The analyses yield values for fundamental kinetic and thermodynamic quantities associated with polymer crystallization. The physical meaning of the resulting parameters is assessed by comparing these results to those obtained from methods independent of crystal growth rate or crystallization theory altogether. This study differs from others reported in the literature in a number of ways, such as, the narrow molecular weight distribution and the molecular weight range of polystyrenes investigated. Also, growth rate measurements were extended to higher temperatures and a more appropriate kinetic equation for crystal growth rate analysis was applied. The majority of published studies that have used the Lauritzen-Hoffman theory applied an approximated form of the kinetic equation which does not fully describe the temperature dependence of polymer crystallization.
The results of the study show that a transition from molecular weight dependent to independent crystal growth rate occurs at a molecular weight of about 250,000 g/mole for isotactic polystyrene. Also, comparison of viscoelastic and crystal growth rate data indicate that the Vogel form of the transport term in the Lauritzen Hoffman kinetic growth rate equation correctly describes the temperature dependence of molecular transport for the crystallization process of isotactic polystyrene. Furthermore, the study suggests that the equilibrium melting temperature for the polymer is significantly higher than the value that has been generally accepted for the past 25 years.

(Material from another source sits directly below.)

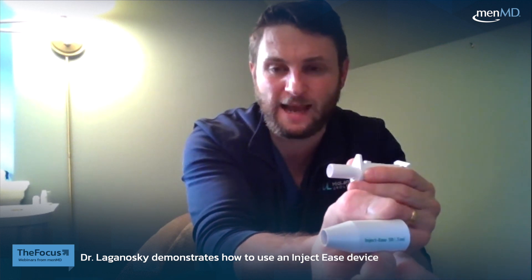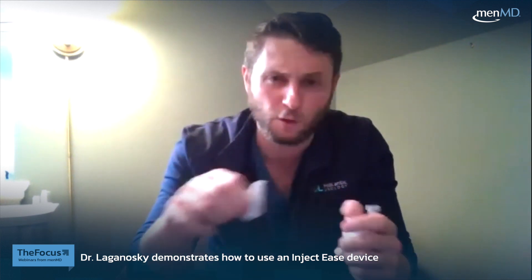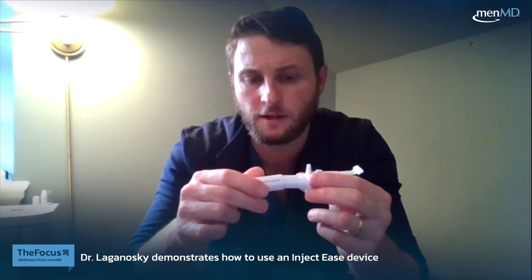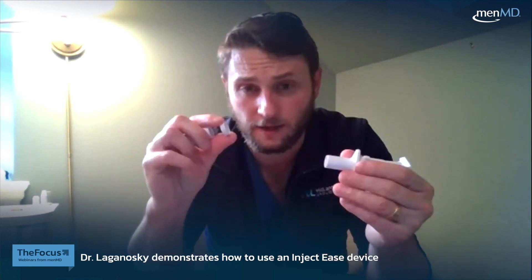There's a cap component here, and there are three different caps that come with it depending on the type of syringe you have. We have a standard 50-unit syringe, so we'll use the one that says 50. There's also a 100-unit and a 30-unit syringe tip. The device also comes with small rings called spacers — you can put a spacer on to minimize how much needle comes out of the tip, and modify that accordingly.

The study also provided the opportunity to investigate various other factors and theories associated with polymer crystallization. For example, the theoretical relationship between the crystal's lateral surface free energy, σ, and the characteristic ratio, C<sub>∞</sub>, was evaluated. Also, the spherulitic morphology as a function of molecular weight and temperature was examined by scanning electron microscopy, SEM. / Ph. D.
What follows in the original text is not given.